Data listing:

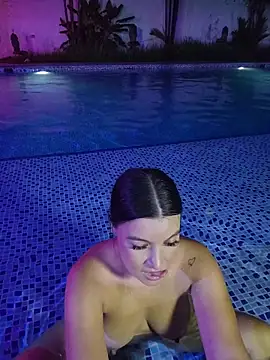 Pretty_Julieta webcam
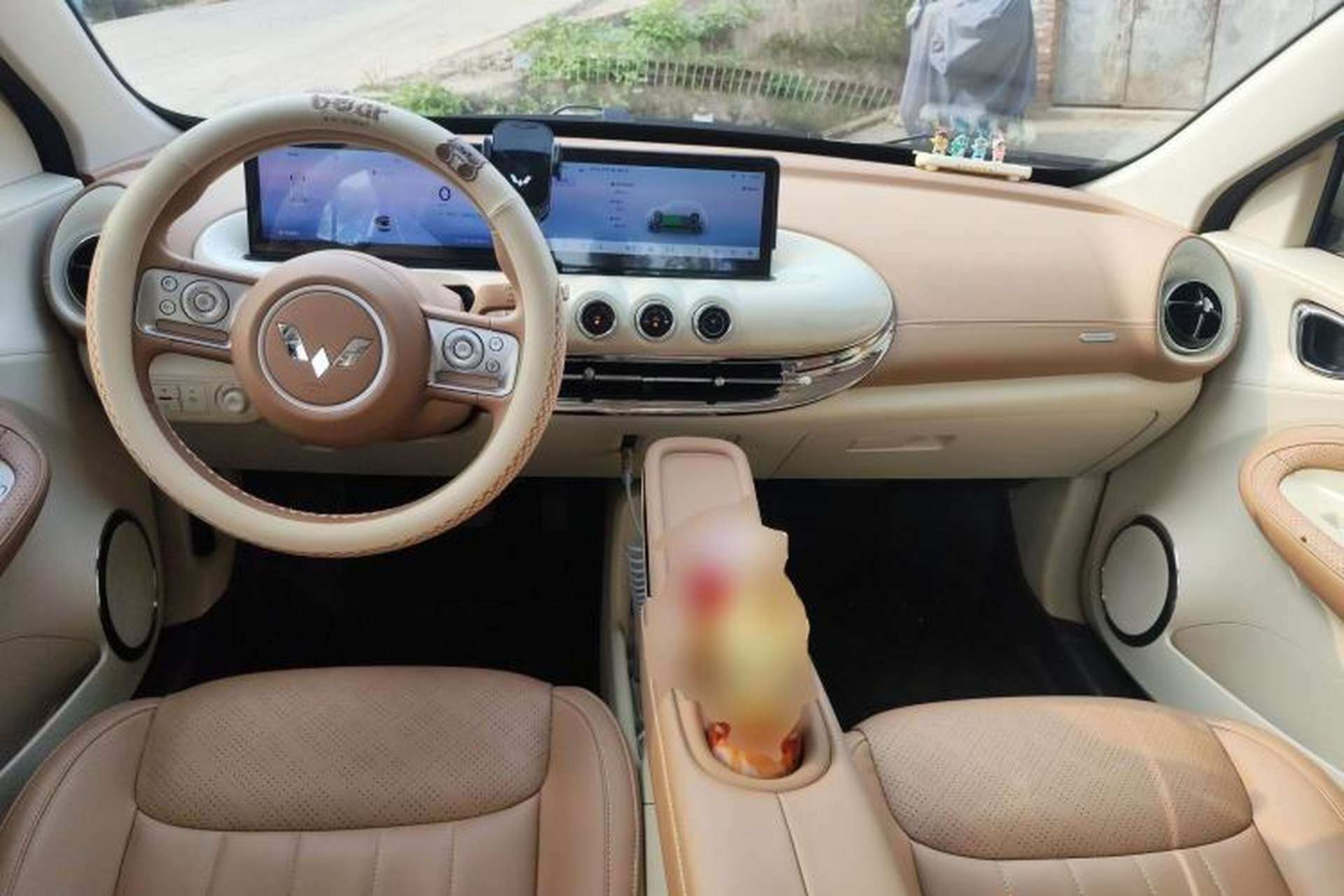 Used Wuling Bingo 2025 333 km Lingxi Connected Version Center Console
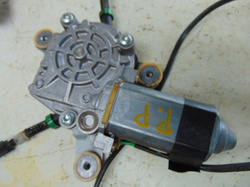 AUDI A6 C4 2.0 95r PODNOŚNIK PRAWY PRZÓD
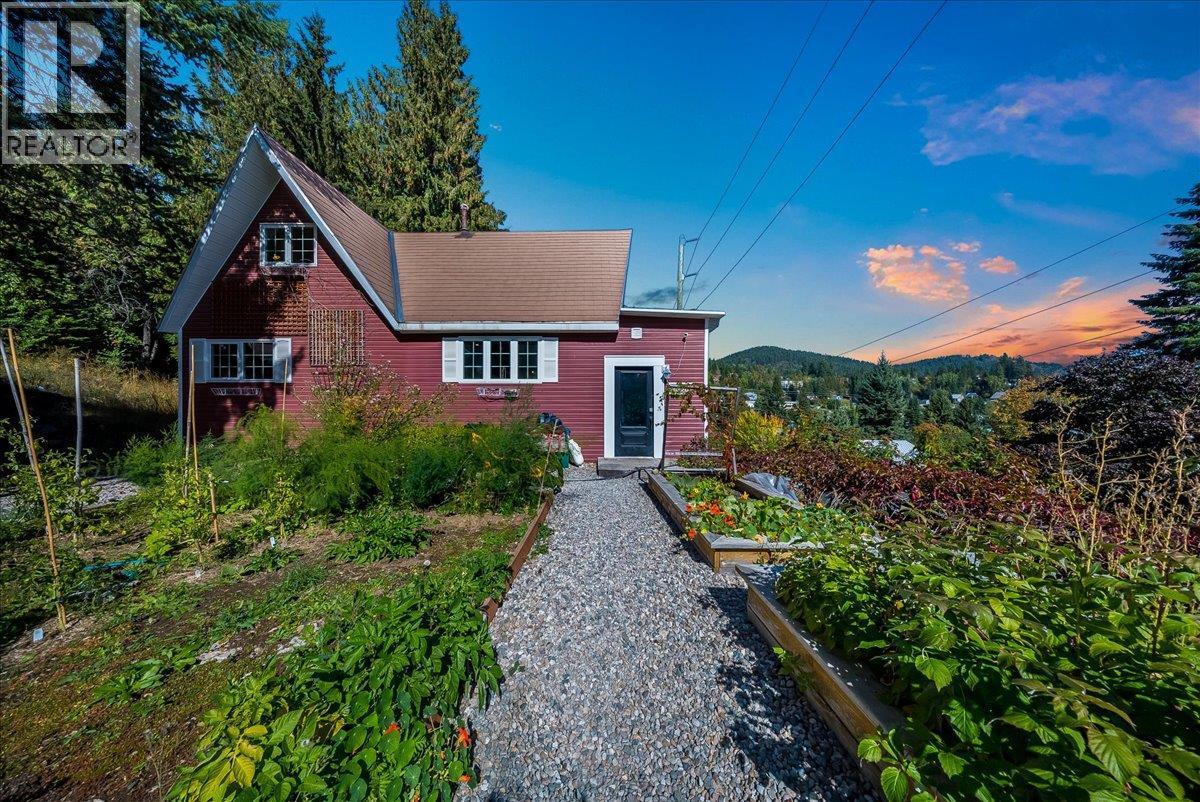 1398 Victoria Avenue, Rossland, BC
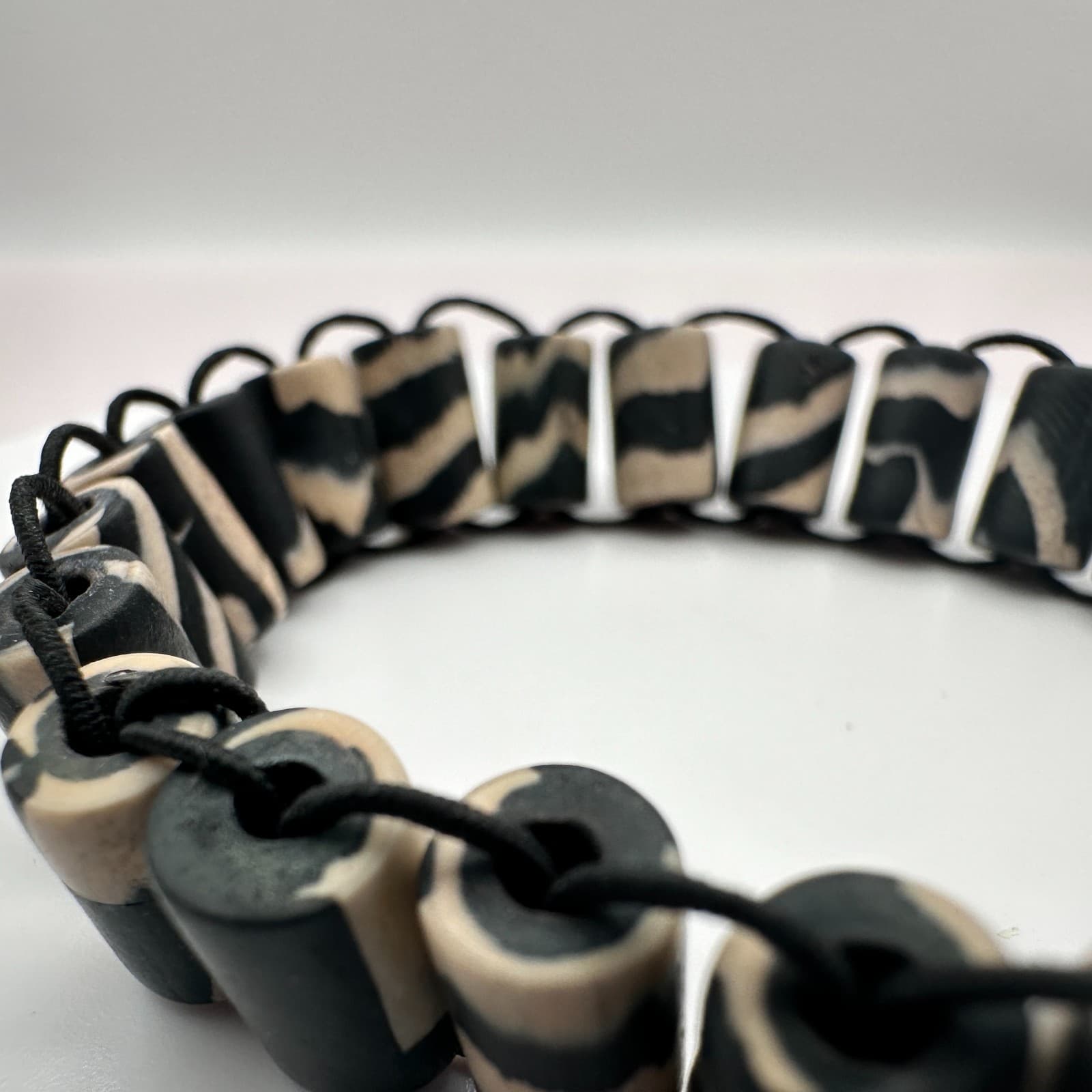 Vintage 90s Zebra Striped Bone Bead Stretch Bracelet Black White Boho Ethnic 90s - Thumbnail 9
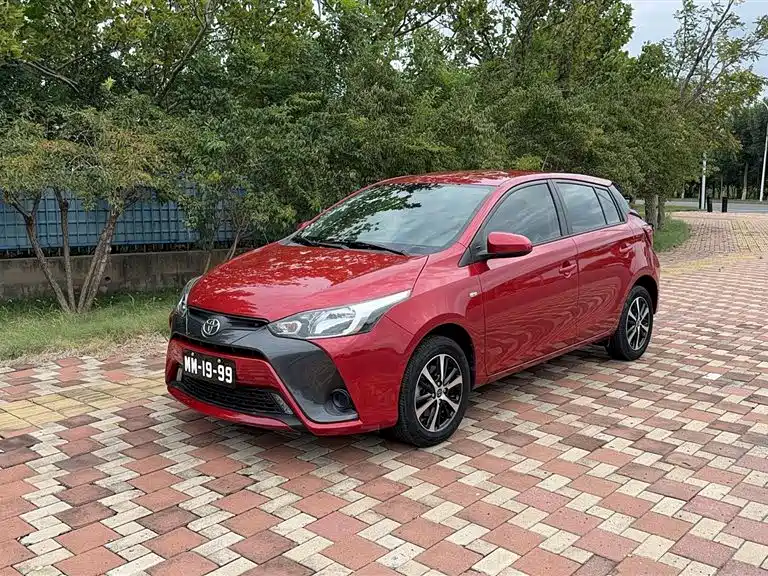 Toyota Yaris L 2020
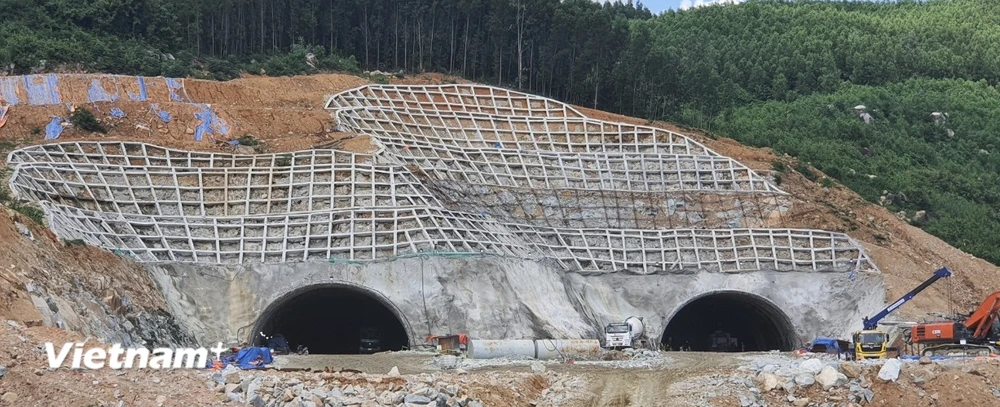 Hai hầm đường bộ tại Gói thầu XL02 đã được đào thông vượt tiến độ nhiều tháng so với hợp đồng đề ra. (Ảnh: PV/Vietnam+)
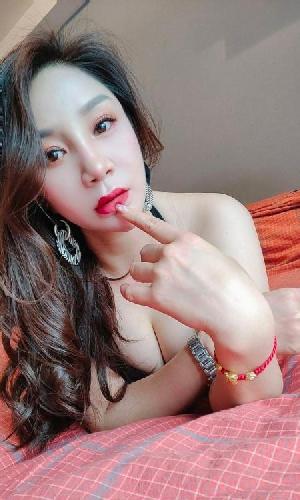 性感巨乳少妇红袖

About this task: Give back the whole listing exactly as written. Do not include any picture.

Answer to this task:
 Pretty_Julieta webcam
 Used Wuling Bingo 2025 333 km Lingxi Connected Version Center Console
 AUDI A6 C4 2.0 95r PODNOŚNIK PRAWY PRZÓD
 1398 Victoria Avenue, Rossland, BC
 Vintage 90s Zebra Striped Bone Bead Stretch Bracelet Black White Boho Ethnic 90s - Thumbnail 9
 Toyota Yaris L 2020
 Hai hầm đường bộ tại Gói thầu XL02 đã được đào thông vượt tiến độ nhiều tháng so với hợp đồng đề ra. (Ảnh: PV/Vietnam+)
 性感巨乳少妇红袖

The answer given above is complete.